For this tofu version, I thinly slice or peel my extra firm tofu and marinate the thin slices of tofu overnight in a sweet, tangy and savory marinade.
After marinating, I fry them in oil in a non-stick pan until crispy around the edges. The sauce also reduces and is better absorbed by the pieces of tofu. I serve mine with fried garlic rice, diced tomatoes and vinegar seasoned with red onion and chile.

This is tofu tapa
- Inspired by the Filipino Beef Tapa
- Marinated in a sweet-savory sauce with the tanginess of calamansi or Philippine lime juice.
- Easy to prepare
- Full of flavor
- Great for making large batches!


Ingredients you will need
tofu
- 23 oz extra firm tofu or tokwa
MARINADE
for cooking
to serve
How to make this Tofu Tapa
Prepare the tofu
- Drain the tofu from the water and pat-dry or press. See notes for tips on choosing extra firm tofu.
- Thinly slice the tofu using a peeler or shred with a knife. Small broken pieces are perfectly fine for different textures!
- Note that some tofu can crumble easily so if this is the case it may be best to thinly slice the tofu instead of peeling it.




Marinade/Sauce
- Add all marinade/sauce ingredients to a small bowl or measuring cup. Mix until all the sugar is dissolved. Feel free to adjust the marinade to your desired taste.






Marinate the tofu
- In a large bowl, place several layers of thin slices of tofu. Pour some of the marinade over the tofu.
- Put a few more layers of tofu and then pour some marinade again. Repeat this until all the tofu is submerged in the marinade. I like to pour the excess marinade from the container back into a measuring cup and use that to pour over the tofu to make sure everything is submerged.
- Leave the tofu to marinate in the refrigerator at least overnight for best flavor.






Cook the tofu
- You can cook the marinated tofu in batches and marinate the rest in a container for up to 5 days, as long as it’s refrigerated.
Pan-frying
- Check out the air-frying option below.
- Heat a large non-stick pan or wok over medium heat. Add plenty of oil to prevent the tofu from drying out.
- Once hot, lay out a few strips of tofu. Cook the tofu for 3 minutes on each side or until it begins to crisp around the edges and start to dry out. Flip the tofu and repeat on the other side.
- Pour some of the remaining marinade over the tofu and allow the sauce to evaporate.
- Be sure to keep an eye on the tofu as it burns easily from the sugars in the sauce.
- When the tofu is cooked to your liking, remove it from the pan.






Air-frying
- If air-frying, you can line the air fryer basket with some parchment paper to prevent sticking.
- Place a few strips of tofu in the air fryer basket. Pour some of the marinade over the tofu. Spray the tofu with some oil.
- Leave the tofu to air fry for 11-13 minutes or until the edges start to crisp and excess marinade has evaporated. Flip halfway through cooking.

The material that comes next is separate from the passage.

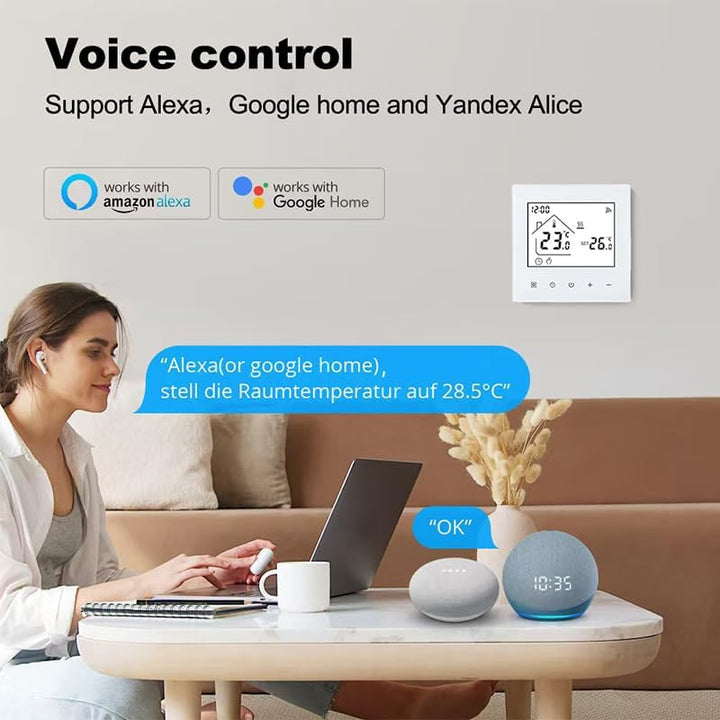M4 Smart Wi-Fi Thermostat for Water & Underfloor Heating, 230V Digital Wall Thermostat, Tuya App Con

Which is better: air-frying or pan-frying?
- Personally I prefer pan-fried ones because they are less dry than air-fried ones. The advantage of air-frying is that it uses less oil and is an easier cooking method.


For the vinegar
- For the vinegar, I just mix the distilled while mixing the vinegar with the red onion and diced red onion. You can season the vinegar with some sugar to counteract the acidity, as well as some black pepper. Soaking onions in vinegar will turn the vinegar pink.
Serve and enjoy!
- Serve with fried garlic rice, seasoned vinegar, tomatoes and fried garlic.
- I like to dip the tofu tapa pieces in the vinegar and also get some bits of chopped onion before scooping it up with the rice. Enjoy!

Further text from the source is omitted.